Saturday, December 12, 2020

A C# Puzzler: Records

C# version 9.0 introduces records.  Records are a computer programming concept in which a data type declaration has a number of keys which are used to define an equality operation.  Many existing languages have them (e.g. Kotlin data class, Scala case class, Java's upcoming records).  Because I stopped programming in C# before records were available, I missed using them, but now that I'm programming in Kotlin I have the pleasure of being able to use records.

Here is a little sample of some Kotlin code that exercises the record (data class) feature. It demonstrates that you can add declarations to the body without interfering with their useful semantics:

import kotlin.math.sqrt
import kotlin.collections.HashSet

public data class Cartesian(val x: Float, val y: Float) {

private var cachedR: Float = 0F
public val r: Float
get() {
var localR = cachedR;
if (localR == 0F) {
localR = sqrt(x*x + y*y)
cachedR = localR
}
return localR
}
}

fun main(args: Array<String>) {
val set = HashSet<Cartesian>()
val c1 = Cartesian(5F, 12F)
set.add(c1)
println(c1.r) // prints 13.0
println(set.contains(c1)) // prints true

val c2 = Cartesian(5F, 12F)
println(set.contains(c2)) // prints true

val c3 = c1.copy(x = 9F)
println(c3.r) // prints 15.0 }

I tried records in C# 9.0, and I was disappointed by some of the behavior.  Here is an "equivalent" fragment of C#.  Can you guess what it does?

using System;
using System.Collections.Generic;

public record Cartesian(float X, 
float Y)
{
    private 
float cachedR = 0F;
    public 
float R
    {
        get
        {
            
float r = cachedR;
            if (r == 0F)
                r = cachedR = (
float)Math.Sqrt(X * X + Y * Y);
            return r;
        }
    }
}

class Program
{
    static void Main()
    {
        var set = new HashSet<Cartesian>();
        
var c1 = new Cartesian(5, 12);
        set.Add(c1);
        Console.WriteLine(c1.R);              // 1
        
Console.WriteLine(set.Contains(c1));  // 2

        
var c2 = new Cartesian(5, 12);
        
Console.WriteLine(set.Contains(c2));  // 3

        // with expression not specified
        
var c3 = c1 with { X = 9 };           // 4
        
Console.WriteLine(c3.R);              // 5
    }
}

My hope would be that it would behave approximately the same as the Kotlin program (and the same as equivalent programs in Java or Scala).  But in C# all fields (even private ones) are considered key members of a record.  Consequently,

  1. (in the line marked "// 1") The use of the property c1.R changes the logical value of c1.
  2. Since it is not the same as the record that was added to the set, the modified record is no longer seen as a member of the set.
  3. Since the record contained in the set has been modified (records are reference types), it is no longer seen as equals to a fresh record which has not had its R property sampled.
  4. C#'s with expression produces a fresh instance with all of the fields copied, bypassing the constructor.
  5. Therefore the field cachedR is initialized to an incorrect value.

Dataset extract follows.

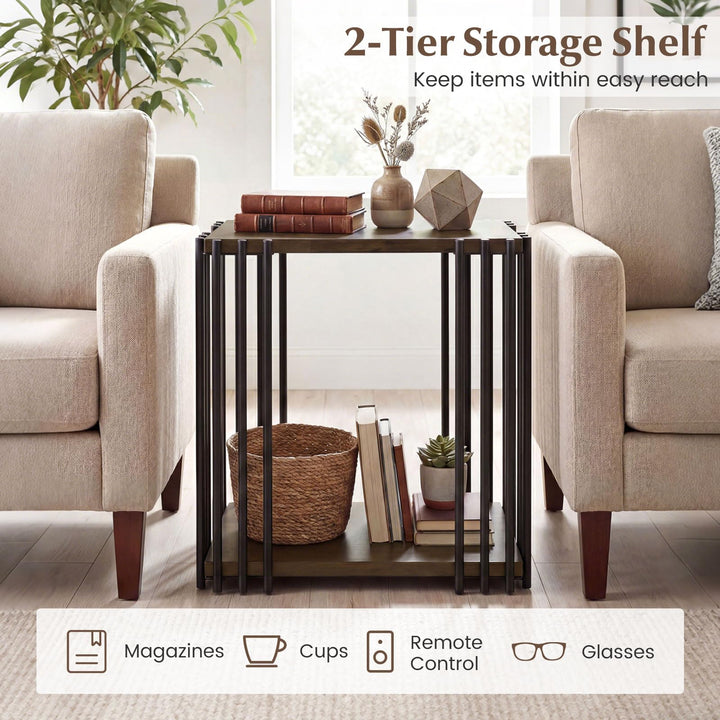 Giantex 2-Tier Wood Side Table - Narrow Sofa Couch End Table (1/2)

Due to these issues, programmers would be wise to use C# records in only the simplest scenarios.

2 comments:

Barry Kelly said...

It looks like you can get around some of those limitations by providing your own implementations of methods that would otherwise be generated; e.g. equality and construction.

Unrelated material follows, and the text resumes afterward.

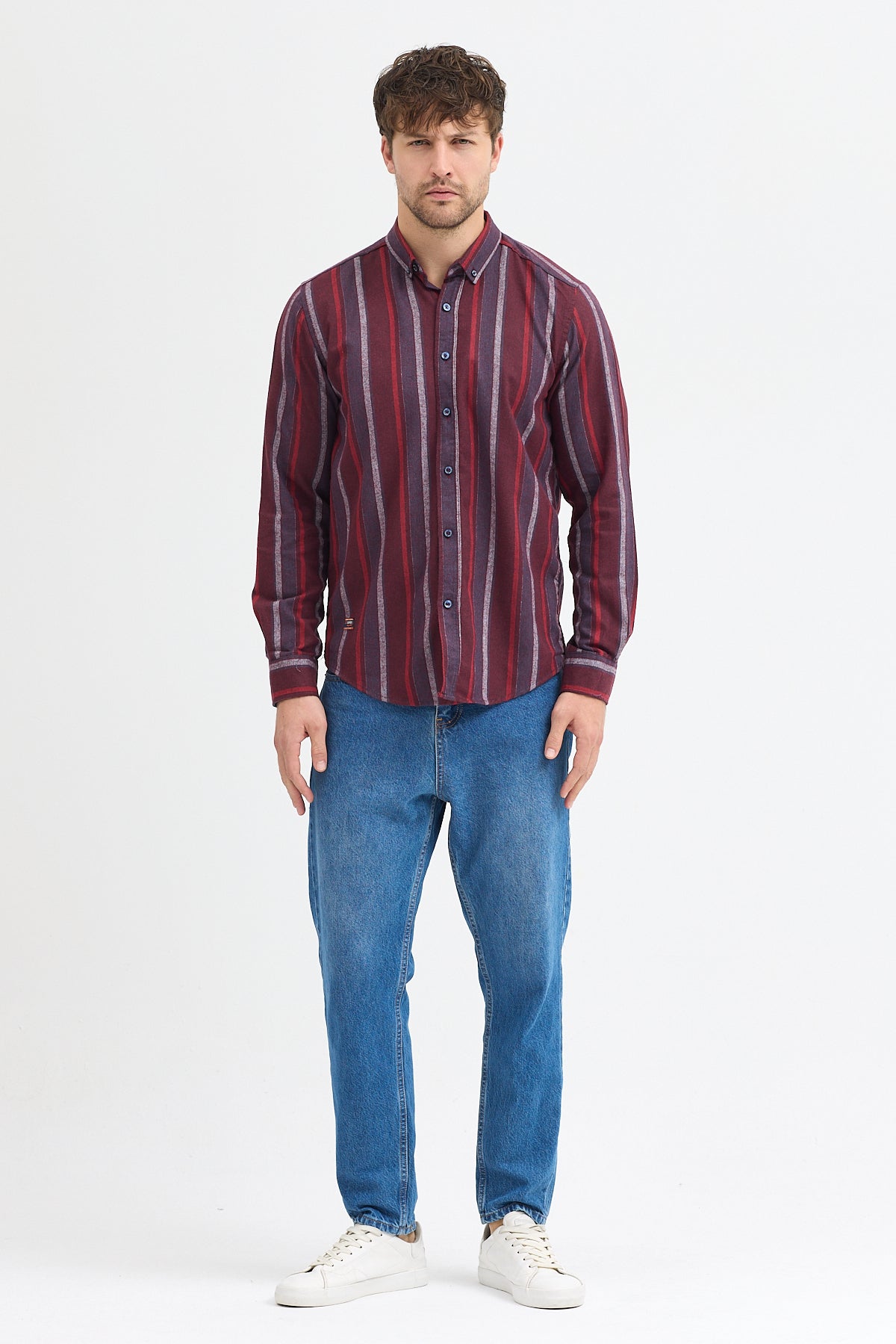 Cosplay Erkek Melanj Dikine Çizgili Button Down Regular Fit Gömlek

Of course needing to do that yourself reduces the usefulness of the feature, and introduces the possibility of error that the feature is designed to avoid.

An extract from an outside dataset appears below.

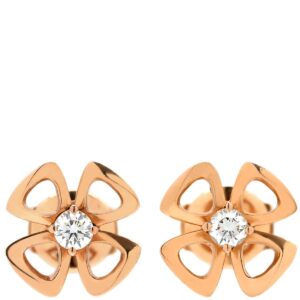 ブルガリ BVLGARI ピアス ダイヤモンドピアス ピンクゴールド Au750 PG K18RG オープンワーク クローバー 355327 【中古】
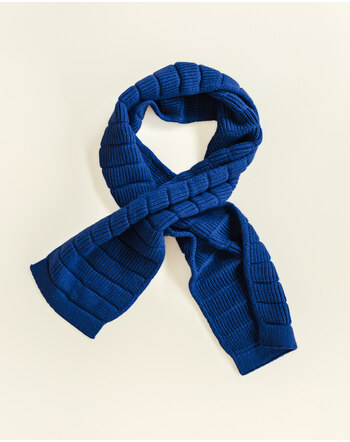 Hvid Kids-Schal 'Jacobino' aus Merinowolle 17,5 cm x 130 cm - Cobalt Blue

Seems like a future modifier or attribute could improve the feature? A bit like `transient` in Java serialization, some kind of modifier which can be applied to a field to indicate that it doesn't participate in object identity.

IMO mutable records are a bit of an edge case though. Once you've gone down the road to mutability, hidden state etc. you need to cope with data races in concurrent scenarios. I'm not surprised that the feature doesn't accommodate that, there's more than just nuanced object identity.

Neal Gafter said...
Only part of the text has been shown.